2.3.3 Verification Tests
Our goal is to approximate the simulated values to the measured values while maintaining consistent simulation times. To achieve this, we will investigate the following:
● Time required to obtain wind speed results based on different morphologies and levels of refinement
● Convergence of the simulated parameters to ensure the reliability of the results. These parameters include the three wind vectors, the values of k and epsilon, as well as three pressure values. Simulations were initially performed with a 5-order of reduction, and subsequently with 4, for all parameters.
● Root Mean Square (RMS) error according to refinement levels to assess the impact of mesh refinement. This enables us to estimate the discretisation error of each coarser grid compared to grid 4. Verification tests are crucial in determining the accuracy of each simulation.
● Wind speed at measuring points for comparison purposes.

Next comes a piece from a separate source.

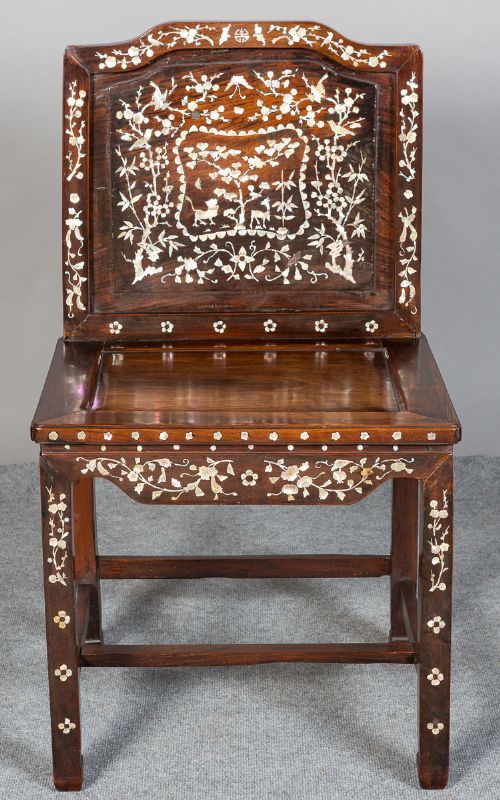Chinese Hardwood and Inlaid Chair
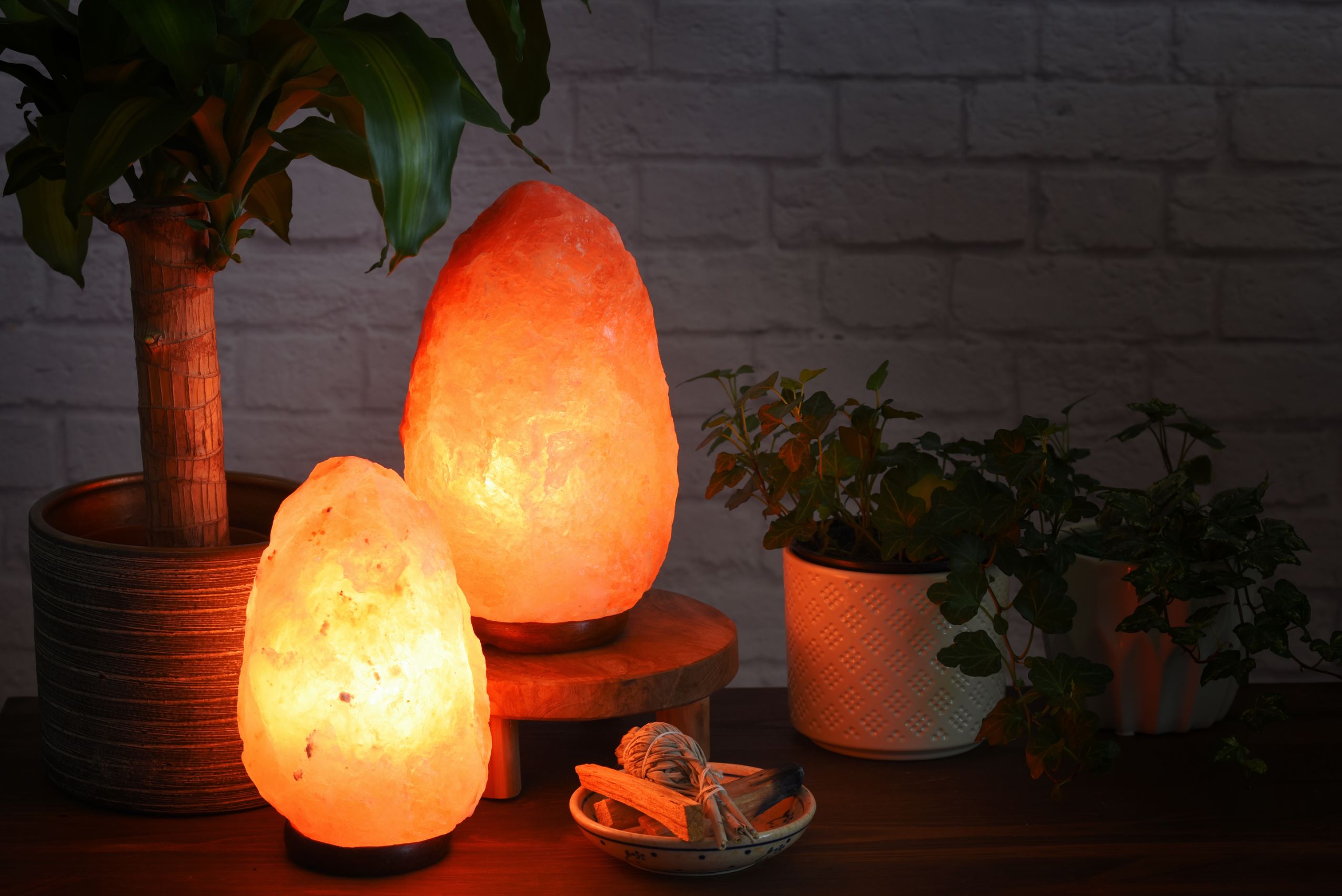 A pair of Himalayan salt lamps for adequate lighting in a yoga room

The primary objective of this work is to provide guidelines for architects and other designers. As a result, the findings are presented in a format that allows us to draw conclusions regarding simulation parameters and context depending on the time and precision of the results. The initial observation in terms of morphological context is depicted in Figure 5. In this figure, the top image illustrates the wind flow results without soil, while the bottom image shows results with soil. Notably, there are numerous additional recirculation effects. Although Butterfly does not provide the capability to assign roughness values to the different materials, tests carried out indicate more accurate results with the presence of soil. For this study, all simulations were conducted with both configurations. However, for the subsequent results, only those with the presence of soil were considered.